С наступлением ХХI века Казань неузнаваемо изменилась, ее деисторизация — свершившийся, печальный для многих факт. Однако она по-прежнему вдохновляет прозаиков и поэтов на поиски «казанской идеи» и становится темой замечательных стихов, рассказов, романов. Причем литературу казанского колорита создают не только те, кому повезло в свое время родиться в историческом центре и с малых лет впитать неповторимые особенности уклада, дореволюционной архитектуры, особого состава воды и воздуха. В создании литературы казанского колорита пробуют себя и представители молодого поколения, даже жители других городов.
Пятьдесят оттенков ослепительного
В ряду книжных новинок особое место занимает «Казань-ностальжи» Рамиля Гарифуллина. Эта произведение не краеведческое и не публицистическое. Даже не художественное, а в чем-то сродни откровению. Ведь его содержание ни разу не плод рассудочного замысла, оно помимо воли «нисходило» на автора в течение года: по пробуждении, утрами, Гарифуллин переживал спонтанное трехчасовое погружение в детство. Впечатления 45-летней давности оживали с такой силой, что их просто невозможно было не запечатлеть в текстовом формате. Затем чудо настоятельно требовало деления собой, и свои озарения Рамиль тут же публиковал в социальной сети Kazan Nostalgique. Таким образом, жанр составленного из них в 2018 году произведения правомерно назвать «книга-блог».

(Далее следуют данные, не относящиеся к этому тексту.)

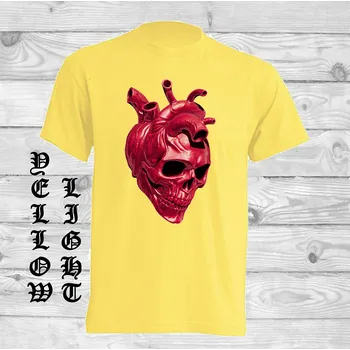 Pánské tričko panske-levne-bavlnene-tricko-digi-potisk-lebka-srdce Barva: Light yellow - světle žlutá, velikost: XS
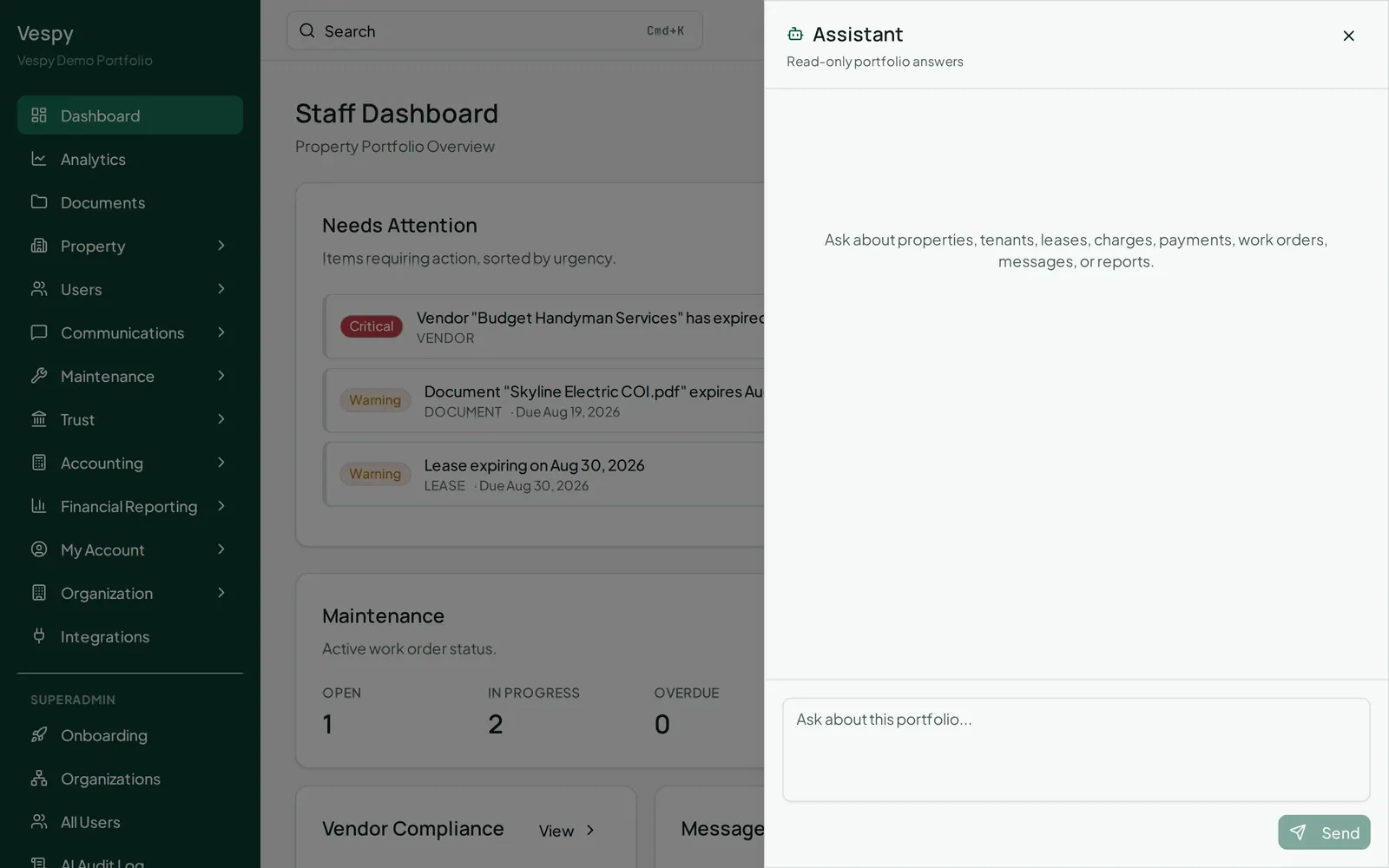 The portfolio assistant panel opened over the dashboard, with the box for asking a question in plain language.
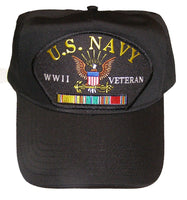 U.S. NAVY WWII Veteran Hat with ribbons and Navy Crest Cap - HATNPATCH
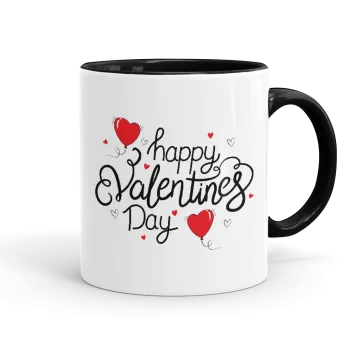 Happy Valentines Day!!!, Mug colored black, ceramic, 330ml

«Казань-ностальжи» — бессюжетное повествование, которое ведется от лица известного российского психолога, «впавшего в детство», а точнее, оживившего в себе восприятие 10-летнего мальчика. Он с упоением совершает путешествия на машине времени по улице Баумана 60-х годов, исследует потаенные уголки двора коммунального дома Заусайлова, общается с его обитателями — безвозвратно ушедшей натурой. Вот Рамиль идет встречать рассвет к Спасской башне Казанского Кремля с дядей Мишей, который ежедневно совершает ритуал свидания с восходящим светилом. Вот угощает буханкой горячего хлеба печальную лошадь Бурку, которая возит деревянные ящики, набитые зелеными бутылками из винного склада, расположенного в подвале... Да, в те годы Баумана была не пешеходно-прогулочным Бродвеем, а, можно сказать, городом мастеров. Только во дворе дома Заусайлова имелось около десятка производственных предприятий. Маленький Рамиль с упоением наблюдал, как взрослые трудятся. Об этом подробно рассказано в главе «Коржик в стране труда».
Остается удивляться тому, что своеобычность главной улицы города сдетонировала в литературе с таким опозданием — после Калуги Сахибзадинова, Суконки Хаирова, Черного озера Скворцова. Удивительно и другое, для автора «Казани-ностальжи» улица Баумана никакому другому локусу в символическом поле Казани не противостоит, даже параллельной улице Кремлевской — «мистическому гребню города», по выражению Осокина. Для Гарифуллина бывшая Ленина — «улица чувства взросления», улица мечты о стезе ученого. И так со всеми маршрутами исторического центра – с каждым автора связывает особое светлое чувство.
По сути, Гарифуллину удалось справиться с невероятно трудной художественной задачей — передать пятьдесят оттенков ослепительного. В «Казани-ностальжи» даже алкоголик, выгнанный из дома, лучится счастливой улыбкой, засыпая на траве палисадника. Ведь когда-то с наступлением тепла границы между квартирами и улицей Баумана размывались и «Весь Мир превращался в Единый Общий Дом».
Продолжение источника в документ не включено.